PLATTSBURGH — City councilors firmly rejected an offer from the Fire Department union regarding a change in health-insurance benefits.
Using strong language, councilors said the union leadership is not acting in good faith toward taxpayers, fellow city employees and even their own union members.
“This union is holding the rest of the unions in the city and the city hostage,” Councilor James Calnon (I-Ward 4) said.
The city is seeking to self-fund its health maintenance organization plan as recommended by a task force made up of council and union leaders.
The move could save the city more than $700,000 per year and would reduce the amount employees who pay a portion of their healthcare would have to pay.
Four of the five city unions have agreed to the change, except the Fire Department union.
Firefighters delivered a proposal to the city this week that said they would accept the HMO change only if the city grants them a 3-percent raise retroactive to Jan. 1 of this year and extends their expired contract for one more year.
The fire union contract expired Dec. 31, 2007. The next bargaining session is schedule for Oct. 7.
Councilors and Mayor Donald Kasprzak opted to put the union’s proposal on Thursday night’s agenda for a vote.
The council was unanimous in rejecting the union’s offer.
“I am discouraged and disgusted over this,” Councilor Chris Jackson (D-Ward 6) said.
Jackson said he has tried to be a friend to the Fire Department, noting he brokered an agreement for Plattsburgh State to provide the department funding for equipment.
“I am in favor of a paid Fire Department, but not paid at any cost,” he said.
“As firefighters, they should know something about burning bridges.”
Calnon said the union has the legal right to negotiate the HMO change.
“They do have the legal right, but I question whether they have the moral right to hold the rest of the city hostage,” Calnon said.
Timothy Carpenter (D-Ward 1) said he wondered if the entire union knew all of the facts of the HMO change.

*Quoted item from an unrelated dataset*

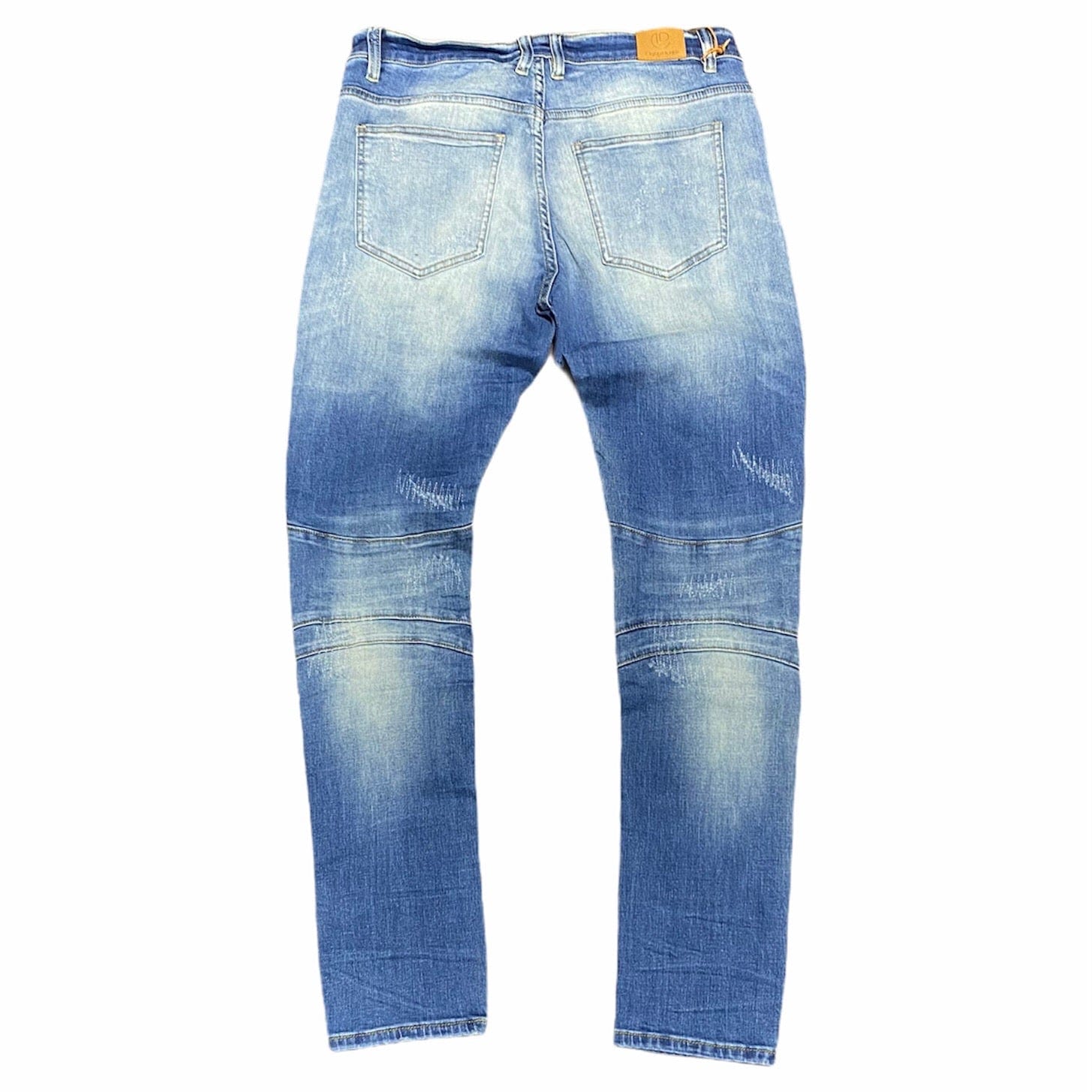 Crysp Montana 2.0 Jean (Blue Patchworm)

“I’ve got to believe that all the union members did not have the true information about this because if they did, they would understand,” Carpenter said.
Union Public Information Officer Mark Gadway said the full union membership was thoroughly informed on the issue.
“Everyone was well-informed and aware of the alternatives and the consequences,” Gadway said.
The union has argued that the HMO change constitutes a negotiated item and should be part of bargaining sessions.
Gadway said he was disappointed in the council’s vote.
“I don’t know what direction the union body wants to go in, but we will meet on Oct. 7 and go from there,” Gadway said.
Councilor Michael Kelly (D-Ward 2) voted against the union’s proposal but said he felt that the issue does belong at the bargaining table.
“Compromise is the only way to come to a satisfactory agreement,” Kelly said.
Amy Valentine (D-Ward 5) said the situation was unfortunate, and she was disappointed in the union’s position.
“This is a statement of how detached the union is to the health-care burden,” she said.
“How they have been operating is counter to what a union should be doing; to serve everyone and not just a select few.”
George Rabideau (R-Ward 3) said the union was being “self-serving.”
“The Fire Department is not part of the solution. They are part of the problem,” he said.
“I think the community is behind us because the taxpayers have reached a point where they are beginning to understand where we are.”
The mayor, who fought with the union over many of the same issues when he was a councilor in the early 1990s, said the union’s tactics were “unacceptable and wrong.”
“I know they don’t care how I feel, but maybe they will care about the way the six of you feel,” he told the council.